There are several theories about how and why girls are losing interest in technology long before they reach college, but the most commonly heard is that computer science and the field of IT suffer from terrible public relations.

Many students—and, perhaps more pertinently, their parents—still believe that technology-related jobs are uninteresting because workers sit in front of computers all day, or unsafe because they could be easily outsourced.

"There's a perception that being a computer science major leads to a job as a programmer and you sit in a cubicle where you type 12 hours a day and have no interactions with other people," Block said.

Despite a forecast by the Bureau of Labor Statistics predicting that computer and mathematical science jobs would grow at faster pace than any other occupation through 2016, many still cite the dot-com bust as evidence that technology is not a secure field to work in.

"In 2001 the dot-com bubble burst and everyone decided there were no jobs in this field.

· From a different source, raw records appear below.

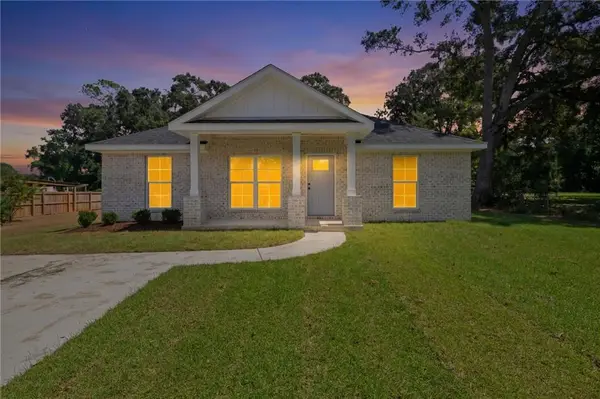 4350 Pamona Parkway, Semmes, AL 36575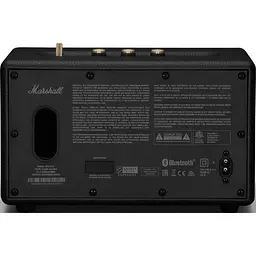 Портативна акустика Marshall Acton III Black 1006004 (Asian Version) - мініатюра 3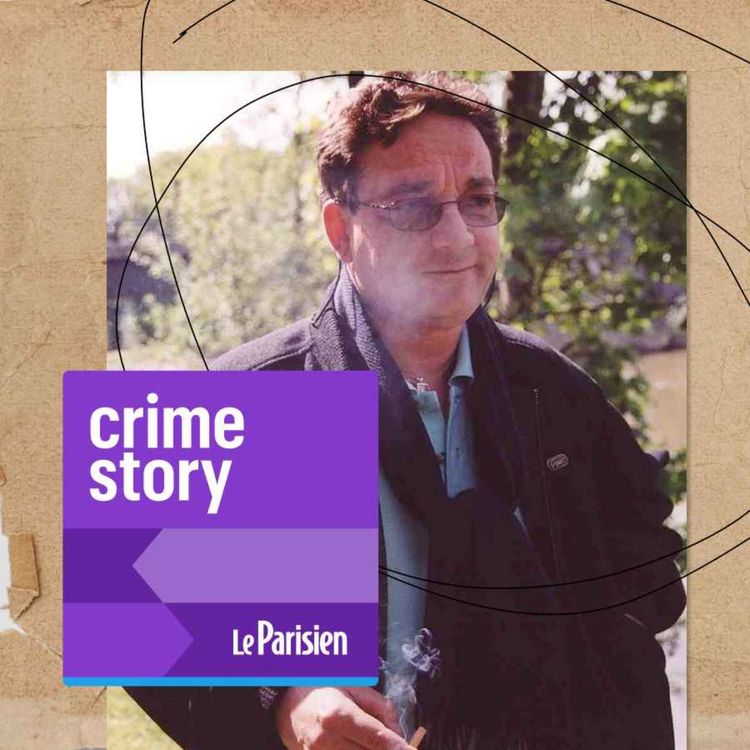 cover art for [1/2] Bruno Cholet, le faux taxi meurtrier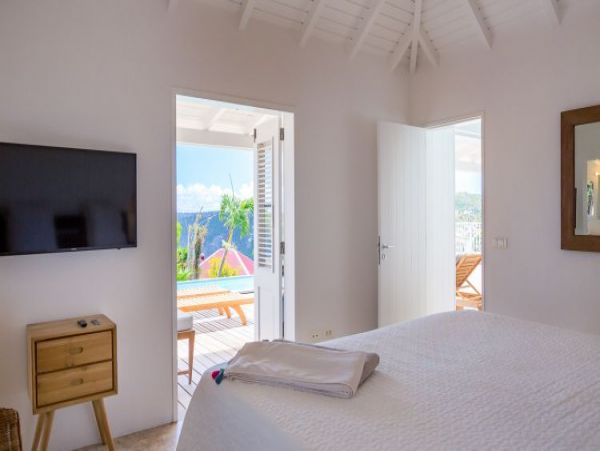 St. Barts Home 965472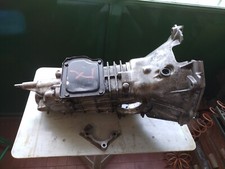 CAMBIO  FIAT 500  EPOCA (vedi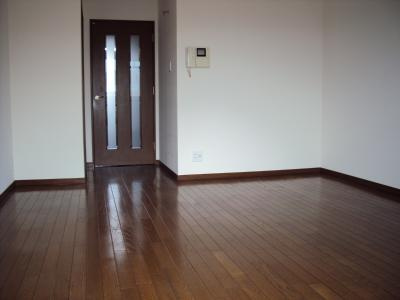 リーガル京都河原町五条の内装|洋室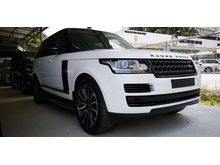 2013 Land Rover Range Rover 3.0 SDV6 Vogue DIESEL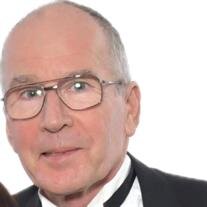 Michael John Darragh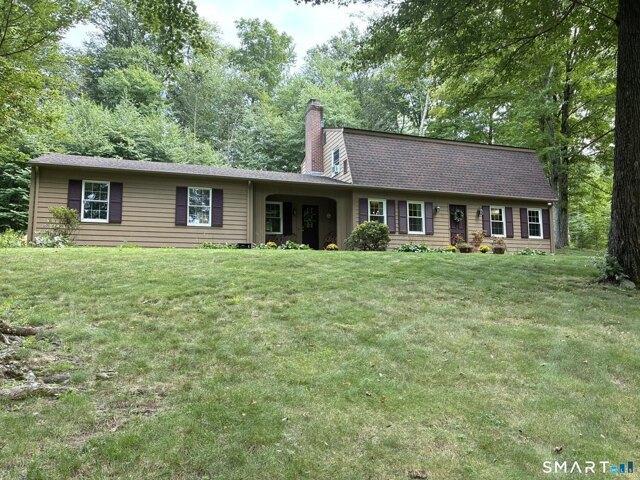 House for sale in Haddam, Lower Connecticut River Valley Planning Region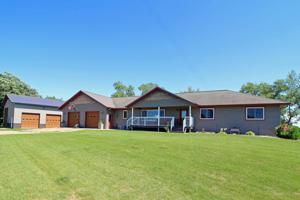 13030 Moe Hall Road SW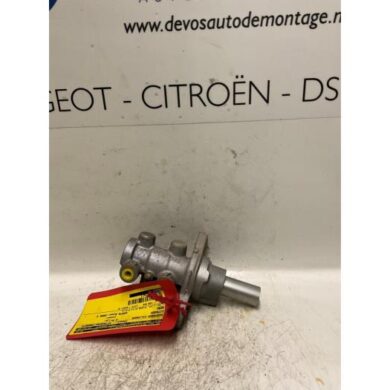 Citroen Nemo 1.4 HDi 70 Hoofdremcilinder 8HS 2008 4601V7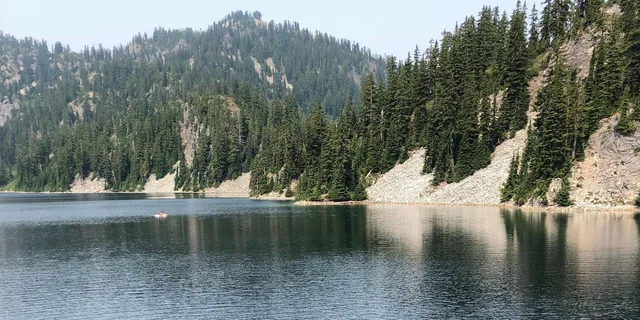 Seattle Hiking Tour in Washington - Image 2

This may have been the case for about a year but if you've talked to anyone in the field in the last five years, they have been desperate for people to hire. Maybe the female students have been more sensitive to this," Block said.

Yusupova noted that even if pure programming jobs are outsourced, opportunities still remain within a company for people to bridge the relationship between the outsourced IT vendors and the business side.

"These roles would probably be ideal for women who prefer to be in communication-focused roles, if they know computer science and can communicate to all parties involved," Nelly Yusupova, chief technology officer of Webgrrls International, a networking organization.